The flurry of cases before the Supreme Court may answer Meehan's question.

In an opinion released Monday, the high court ruled that charges of inefficient assistance of counsel have to be presented in state court, and that federal courts could consider only the record established in state court.

The ruling involved the case of Scott Pinholster, who killed two people during a burglary in California in 1982. His appeal argued that his trial attorney had not presented mitigating evidence that might have swayed the court to give a lesser sentence. When state appeals courts refused to reconsider, his appellate attorneys went to federal court for an evidentiary hearing. The high court said no.

Now the high court appears to be considering inefficient assistance of counsel during the initial post-conviction stage by reviewing several cases:

- Cory Maples was sentenced to death in 1997 for murdering two men in Alabama, and his defense lawyers may not have presented adequate mitigating evidence to avoid a death penalty. But Maples never got a chance to make that argument. The state court sent notice to his attorneys at the law firm where they worked at the time of trial. But both had left the firm, and the letter was returned to sender. The deadline came and went, and courts all the way up to the 11th U.S. Circuit Court of Appeals refused to reconsider. The U.S. Supreme Court finally decided to accept it in late March.

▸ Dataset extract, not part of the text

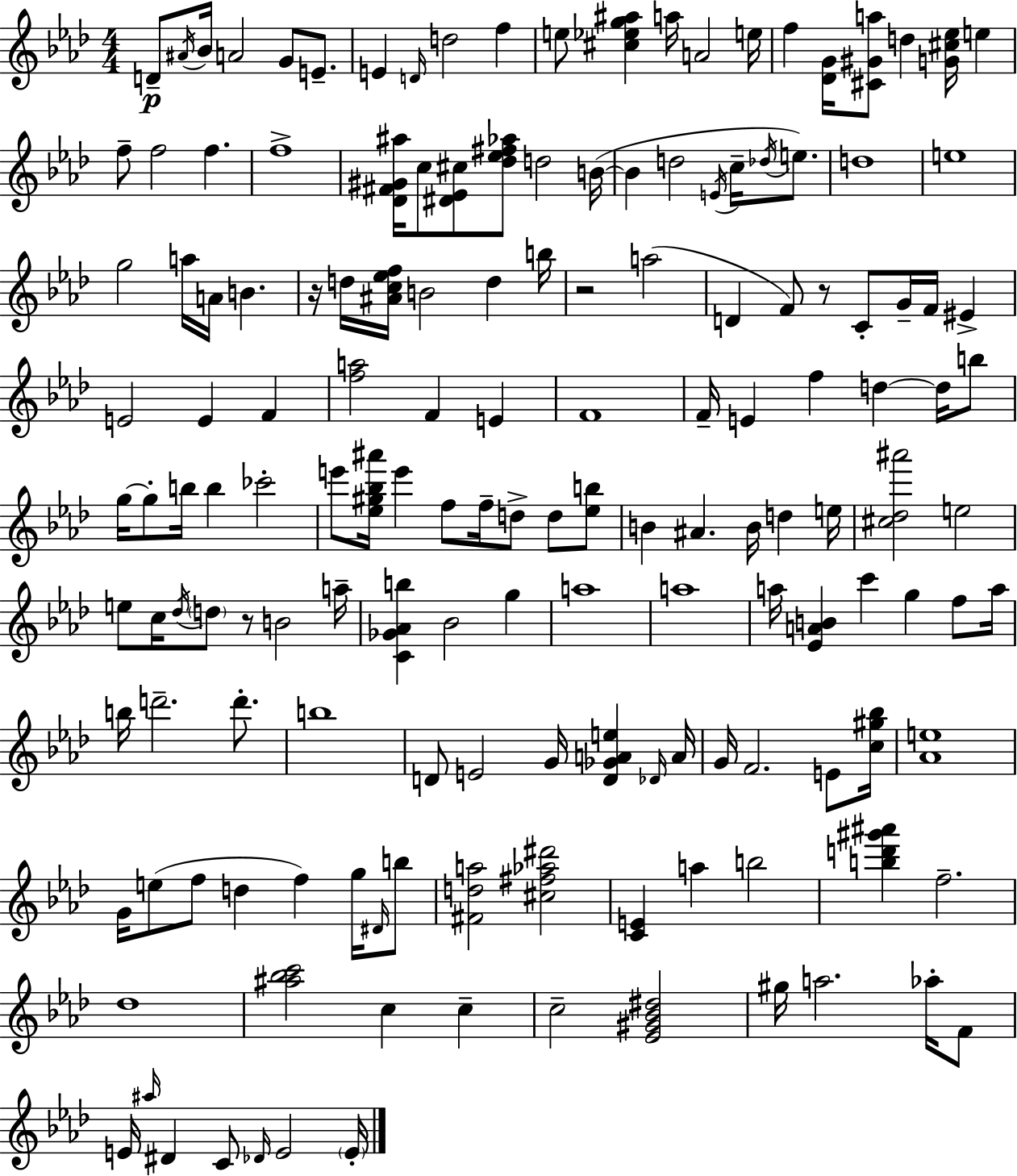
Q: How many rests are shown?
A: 4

- Foster and another man were convicted of murdering a woman in 2002. She was found with a bullet in her head, and an autopsy showed both men had sex with her. The other man confessed four times to being the sole murderer, but prosecutors argued that she was shot elsewhere and dumped where her body was found. They did not believe the confessor was strong enough to move her body by himself, and so Foster must have helped. Appellate lawyers argued that a "blood spatter" expert should have been hired during trial to show she had been shot where she was found. But it was not brought up in post-conviction, either. In 2010, such an expert volunteered to do the analysis for free, but the new evidence could not be admitted. The Supreme Court declined to accept the case in January, but stayed Foster's execution Tuesday pending a decision on whether to reconsider.

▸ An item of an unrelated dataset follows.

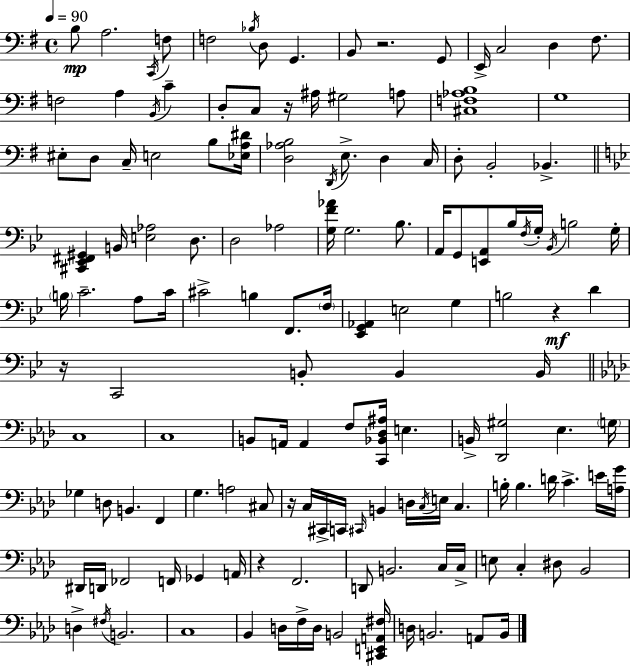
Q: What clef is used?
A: bass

- Cook and a roommate tortured, sodomized and killed two men in Lake Havasu City in 1987. Cook decided to defend himself, and during the sentencing stage of his trial, he failed to describe extensive sexual and emotional abuse he had suffered as a child and teen. His post-conviction counsel failed to raise the issue. In February, the Supreme Court refused to take the case, but issued a stay of execution Monday, pending a decision whether to hear it.